3 min read

On Moving Home

It’s been irritating me for a little while about the vulnerability of my GPG and SSH keys on my laptop. For instance, if I’m at a coffee house and need to get in line for a refill, my laptop is exposed. Or, imagine I need to step outside to take a phone call. After all, I’m not that guy that annoys you with the boring details of my ultra-important phone conversation, so I go outside. So, I’ll ask some stranger to “keep an eye on it” and take my chances. Not great.

Well, last night it finally occurred to me to put my home directory on an encrypted flash drive and then mount it. I’m not sure what took me so long to come around to this, but I’m here now. Now, whenever I need to get up from my laptop, I’ll simply take the USB drive with me. I’m sticking it to you, man!

I have an extra 16GB stick lying around. They’re really cheap nowadays, so it’s always feasible to have several on-hand. Let’s look at the steps to do this.

Note that all commands below must be run with root privileges.


  1. Insert the drive and fdisk, baby.

    • Determine the device number that udev assigned to it:

        # mesg | tail
      • For me, it’s /dev/sdb1.
    • Partition it:

        # fdisk /dev/sdb
      • I’ll make the entire disk a primary partition.
  2. Create the LUKS encrypted container.

     # cryptsetup luksFormat /dev/sdb1 LUKS001
    • You’ll be asked to set a password/passphrase, make sure it’s a good one!

    • cryptsetup is a front-end to dm-crypt.

    • LUKS001 is an arbitrary name, you could use anything. udev will create a mapped device, /dev/mapper/LUKS001.

    • If you don’t have it, it’s only an apt install cryptsetup away!

    To verify that it’s a LUKS encrypted disk:

      # file /dev/sdb1
  3. Open it. If you skip this step, you’ll destroy the encrypted layer that was created in step 2 when formatting!

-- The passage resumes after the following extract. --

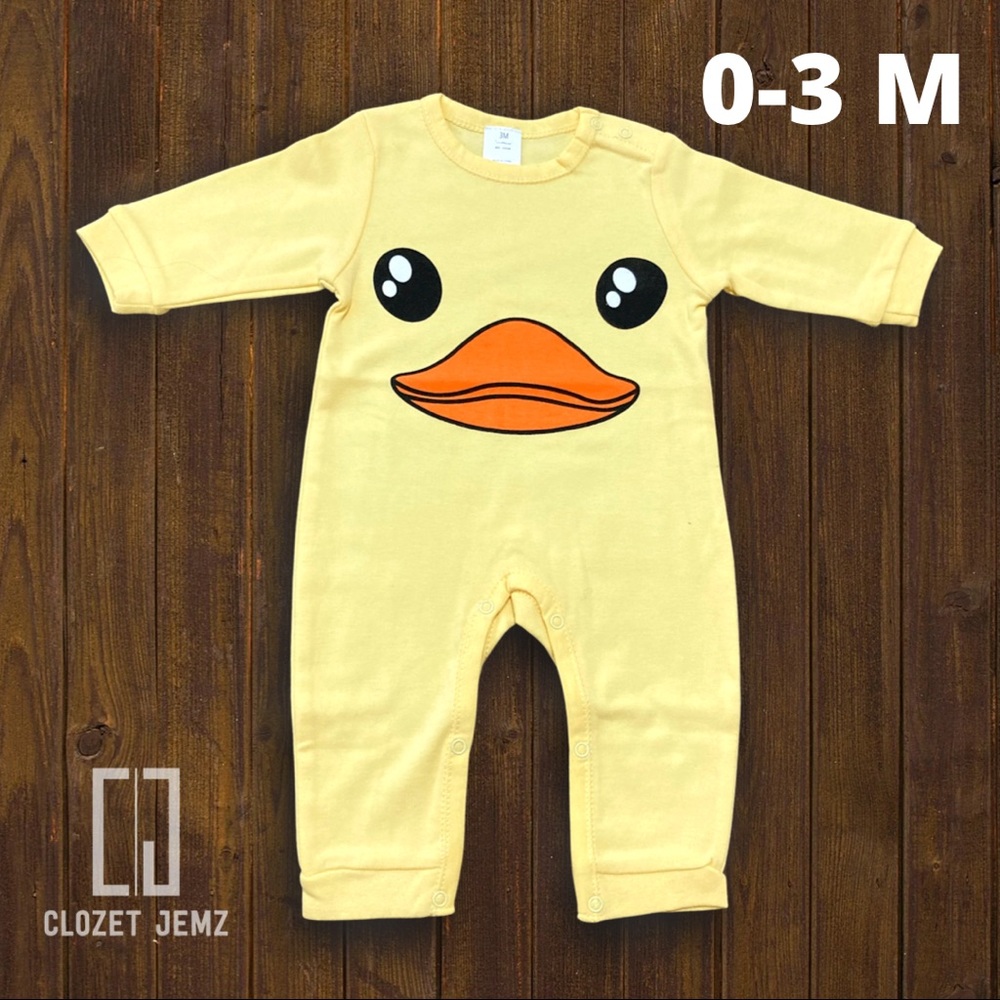 NEW 0-3 Month Infant Long Sleeve Romper With Duck Face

     # cryptsetup luksOpen /dev/mapper/LUKS001
    • It should ask you for your passphrase.
  4. Format that partition like there’s no tomorrow.

     # mkfs.ext4 /dev/mapper/LUKS001
    • The filesystem should be the same type as the host system.

    • If your home directory contains symlinks, the fileystem type must support that.

  5. Create a mount point and mount!

     # mkdir /media/home
     # chown btoll:btoll /media/home
     # mount /dev/mapper/LUKS001 /media/home
  6. Copy existing home directory to mount point:

     # rsync -aC /home/btoll /media/home
  7. Close the encrypted drive.

     # cryptsetup luksClose /dev/mapper/LUKS001
    • This not only closes (encrypts) the device but will remove the device name from /dev/mapper.
  8. Unmount and cleanup.

     # umount /media/home
     # rmdir /media/home

    Why rmdir and not just rm -rf? I always use it when a directory I’m to delete is supposed to be empty, because it will error and refuse to do the operation if it isn’t. The latter won’t.

Now, if you’re feeling really confident, you can delete your old home directory.


Daily Use

Now that I’ve removed my home directory to an encrypted flash drive, all that’s left is to list the steps to mount and unmount it on use. This is simple, and, of course, can be automated.


# cryptsetup luksOpen /dev/sdb1 LUKS001
# mount /dev/mapper/LUKS001 /home/btoll


# cryptsetup luksClose /dev/mapper/LUKS001
# umount /home/btoll

Now, you can safely yank that bad boy and go take a leak!